En ce qui concerne les prédicats figurant dans les hypothèses, on appelle ceux qui
figurent dans beaucoup d'hypothèses réellement projetées qu’ils sont « bien implantés » (en
anglais, « entrenched »). Pour juger une hypothèse donnée, « nous devons consulter, dit
Goodman, le dossier des projections consignées dont ses prédicats ont déjà fait l'objet. Il est
évident que ‘vert’, par le nombre et l'antériorité, a la biographie la plus impressionnante. Nous
dirons que le prédicat ‘vert’ est beaucoup mieux implanté que ‘vleu’. » (p. 104). Lorsqu'il
s'agit de choisir entre plusieurs hypothèses, Goodman remplace le choix des hypothèses qu’il
est justifié de former par induction, par le choix des hypothèses qui contiennent les prédicats
mieux implantés. Lorsque nous sommes confrontés à des hypothèses incompatibles entre
elles, comme c'est le cas des hypothèses selon laquelle « toutes les émeraudes sont vertes » et
l'hypothèse selon laquelle « toutes les émeraudes sans vleues », nous choisissons
intuitivement la première. Goodman nous montre que cette préférence ne peut pas être
justifiée logiquement, pour la même raison qu'il est impossible de justifier l'induction en tant
que telle. Cette préférence a simplement un fondement factuel et non normatif, qui consiste
dans la meilleure implantation des prédicats contenus dans la première par rapport à ceux
contenus dans la seconde.
Comme la solution de Hume, la solution de Goldman fonde son explication de notre
pratique inductive sur les répétitions faisant l'objet d'expériences dans le passé. Cependant,
Goodman attache autant d'importance aux répétitions des termes employés pour décrire les
phénomènes qu’aux répétitions des phénomènes ou de nos expériences des phénomènes. Les
caractéristiques répétitives de l’expérience sont celles pour lesquelles nous avons forgé des
prédicats que nous avons pris l'habitude de projeter. (p. 106).
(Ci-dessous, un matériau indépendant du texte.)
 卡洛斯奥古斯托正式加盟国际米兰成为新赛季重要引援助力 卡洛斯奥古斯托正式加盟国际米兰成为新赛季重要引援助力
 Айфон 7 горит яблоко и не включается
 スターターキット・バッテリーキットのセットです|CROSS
Laissons Goodman lui-même résumé son raisonnement : selon lui, « les racines de la
validité inductive se trouvent dans notre façon d'utiliser le langage […]. La démarcation entre
les prédictions (les inductions où les projections) valides et invalides dépend du monde et de
la façon dont les mots décrivent et pronostiquent ce monde. » (p. 124/5).